パーキンソン病と薬剤性パーキンソニズム:見逃さないために大切なこと
- 賢一 内田
- 10 分前
- 読了時間: 3分
パーキンソン病は、中脳の黒質にあるドパミン神経細胞が徐々に減少していく、進行性の神経変性疾患です。主に高齢者にみられ、「動作が遅くなる」「手が震える」「転びやすくなる」などの症状が特徴です。
パーキンソン病の診断に使われる検査
パーキンソン病の診断には、下記のような特殊検査が参考にされることがあります。
🔹 MIBG心筋シンチグラフィー
心臓の交感神経の状態を調べる検査で、MIBGという薬剤が心臓に集まりにくくなる傾向がパーキンソン病にはみられます。

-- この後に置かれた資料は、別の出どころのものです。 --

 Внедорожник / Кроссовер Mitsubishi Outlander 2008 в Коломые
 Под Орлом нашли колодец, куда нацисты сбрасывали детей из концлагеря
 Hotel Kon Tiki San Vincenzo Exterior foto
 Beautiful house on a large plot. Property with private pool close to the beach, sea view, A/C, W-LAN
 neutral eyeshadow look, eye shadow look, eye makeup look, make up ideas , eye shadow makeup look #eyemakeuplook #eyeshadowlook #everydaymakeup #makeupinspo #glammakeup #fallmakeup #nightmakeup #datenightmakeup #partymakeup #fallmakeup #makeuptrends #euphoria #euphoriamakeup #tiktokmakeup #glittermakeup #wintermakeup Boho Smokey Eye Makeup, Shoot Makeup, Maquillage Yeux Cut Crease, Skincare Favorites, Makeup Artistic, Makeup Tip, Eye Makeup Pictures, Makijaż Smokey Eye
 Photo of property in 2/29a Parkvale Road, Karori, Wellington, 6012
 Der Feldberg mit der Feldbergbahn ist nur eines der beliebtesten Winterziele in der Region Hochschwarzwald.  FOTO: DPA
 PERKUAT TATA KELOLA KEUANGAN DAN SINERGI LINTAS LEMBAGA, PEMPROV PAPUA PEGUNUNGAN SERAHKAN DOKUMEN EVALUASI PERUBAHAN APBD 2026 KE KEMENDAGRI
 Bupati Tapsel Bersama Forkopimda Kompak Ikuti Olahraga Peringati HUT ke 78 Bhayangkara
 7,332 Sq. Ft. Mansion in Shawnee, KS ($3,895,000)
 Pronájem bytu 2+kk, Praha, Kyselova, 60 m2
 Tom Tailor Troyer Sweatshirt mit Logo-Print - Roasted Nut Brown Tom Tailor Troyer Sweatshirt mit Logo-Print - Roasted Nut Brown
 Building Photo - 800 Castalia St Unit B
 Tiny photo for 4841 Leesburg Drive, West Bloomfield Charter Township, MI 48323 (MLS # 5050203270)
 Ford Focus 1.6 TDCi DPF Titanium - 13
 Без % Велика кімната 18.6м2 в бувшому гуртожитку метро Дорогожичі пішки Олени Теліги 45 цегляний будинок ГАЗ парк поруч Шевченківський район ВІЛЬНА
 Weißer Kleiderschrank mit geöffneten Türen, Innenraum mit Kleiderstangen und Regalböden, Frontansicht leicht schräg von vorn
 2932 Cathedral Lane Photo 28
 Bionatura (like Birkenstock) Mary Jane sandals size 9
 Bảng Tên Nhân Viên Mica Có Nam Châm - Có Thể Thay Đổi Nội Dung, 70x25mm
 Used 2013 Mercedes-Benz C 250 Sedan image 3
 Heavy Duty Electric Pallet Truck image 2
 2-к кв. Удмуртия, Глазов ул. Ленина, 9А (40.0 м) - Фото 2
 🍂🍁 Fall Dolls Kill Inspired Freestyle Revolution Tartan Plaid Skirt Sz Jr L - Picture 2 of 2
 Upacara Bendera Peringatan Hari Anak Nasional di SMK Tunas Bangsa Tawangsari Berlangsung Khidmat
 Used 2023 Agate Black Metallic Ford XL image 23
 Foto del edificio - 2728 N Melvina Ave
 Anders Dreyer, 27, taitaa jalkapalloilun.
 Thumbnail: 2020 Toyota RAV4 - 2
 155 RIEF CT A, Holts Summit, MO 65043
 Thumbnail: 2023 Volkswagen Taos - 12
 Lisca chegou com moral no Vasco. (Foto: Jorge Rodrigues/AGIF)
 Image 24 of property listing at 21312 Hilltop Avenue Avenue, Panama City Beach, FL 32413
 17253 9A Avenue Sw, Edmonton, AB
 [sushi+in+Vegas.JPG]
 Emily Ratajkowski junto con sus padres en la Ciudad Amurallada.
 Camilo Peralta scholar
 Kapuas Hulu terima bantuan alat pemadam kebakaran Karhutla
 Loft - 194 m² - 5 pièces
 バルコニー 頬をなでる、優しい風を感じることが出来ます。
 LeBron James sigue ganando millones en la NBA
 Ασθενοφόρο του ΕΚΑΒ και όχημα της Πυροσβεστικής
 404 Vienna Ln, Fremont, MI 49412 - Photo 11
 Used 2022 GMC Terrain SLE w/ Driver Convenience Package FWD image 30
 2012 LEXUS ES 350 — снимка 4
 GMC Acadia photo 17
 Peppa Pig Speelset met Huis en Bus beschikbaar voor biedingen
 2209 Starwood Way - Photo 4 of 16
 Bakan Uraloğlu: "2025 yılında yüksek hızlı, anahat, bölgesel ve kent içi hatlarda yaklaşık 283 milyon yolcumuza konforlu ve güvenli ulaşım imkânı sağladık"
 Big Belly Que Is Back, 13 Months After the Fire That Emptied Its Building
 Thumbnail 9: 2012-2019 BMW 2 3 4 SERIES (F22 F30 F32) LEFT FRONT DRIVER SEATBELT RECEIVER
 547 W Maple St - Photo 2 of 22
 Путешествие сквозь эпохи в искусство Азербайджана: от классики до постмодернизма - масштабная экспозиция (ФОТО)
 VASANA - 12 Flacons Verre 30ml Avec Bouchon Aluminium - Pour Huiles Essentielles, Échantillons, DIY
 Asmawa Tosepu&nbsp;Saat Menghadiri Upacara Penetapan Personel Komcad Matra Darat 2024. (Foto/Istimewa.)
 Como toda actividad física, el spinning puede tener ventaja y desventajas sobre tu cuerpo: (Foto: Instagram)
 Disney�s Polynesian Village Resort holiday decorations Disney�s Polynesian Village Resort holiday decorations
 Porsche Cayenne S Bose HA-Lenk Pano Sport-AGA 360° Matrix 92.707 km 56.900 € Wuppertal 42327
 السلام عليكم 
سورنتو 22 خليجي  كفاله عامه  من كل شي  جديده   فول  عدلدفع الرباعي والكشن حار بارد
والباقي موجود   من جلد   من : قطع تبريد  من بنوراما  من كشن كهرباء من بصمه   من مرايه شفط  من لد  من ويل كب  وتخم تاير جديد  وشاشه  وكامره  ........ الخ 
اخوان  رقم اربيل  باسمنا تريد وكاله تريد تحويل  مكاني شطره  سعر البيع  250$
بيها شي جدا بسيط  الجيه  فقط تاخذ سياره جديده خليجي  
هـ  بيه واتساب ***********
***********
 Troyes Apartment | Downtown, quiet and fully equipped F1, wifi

🔹 ドーパミントランスポーター(DAT)イメージング
脳内のドーパミン再利用に関わるタンパク質「DAT」の働きを画像化し、ドーパミン系の変化を調べます。
パーキンソン病の主な症状(4大徴候)
振戦(手足の震え)
筋固縮(筋肉が固くなる)
無動(動作がゆっくり、少なくなる)
姿勢反射障害(バランスがとりづらく、転びやすい)
具体的には以下のような訴えがみられます:
動作が遅くなった
声が小さくなった
表情が乏しくなった
小刻み歩行や歩行時に足が出にくい
手足のこわばり
歩行中に止まれず走り出すことがある(突進現象)
薬が原因?薬剤性パーキンソニズムにも注意
実は、こうしたパーキンソン病に似た症状が薬の副作用として現れることがあるのをご存じでしょうか?
これを「薬剤性パーキンソニズム」と呼びます。
よくある原因薬(ドパミン拮抗作用をもつ薬)
抗精神病薬(セレネース、リスパダール、ドグマチール、ノバミンなど)
制吐薬(プリンペラン、ナウゼリン)
カルシウム拮抗薬(ワソラン、ヘルベッサー)
抗ヒスタミン薬(アタラックスP)
認知症治療薬(アリセプト) ← 特に注意!
とくにアリセプトは、「認知症の症状」として片付けられてしまうリスクが高いため要注意です。
薬剤性パーキンソニズムの特徴とは?
特徴 | 薬剤性パーキンソニズム | パーキンソン病 |
進行 | 比較的急速 | 徐々に進行 |
症状の左右差 | 少ない(対称性) | 明確な左右差あり |
震えの種類 | 動作時・姿勢時に出やすい | 安静時振戦 |
突進現象 | あまり見られない | よく見られる |
アカシジア・ジスキネジア | 合併しやすい | 稀に見られる |
薬の反応性 | 抗パーキンソン薬が効きにくい | 効果が見られることが多い |
対応のポイント:まずは「薬の見直し」
薬剤性パーキンソニズムが疑われる場合は、原因と考えられる薬剤を中止することが第一選択です。漫然と処方を続けたり、パーキンソン病薬で抑えようとすると、かえって副作用を増やすリスクがあります。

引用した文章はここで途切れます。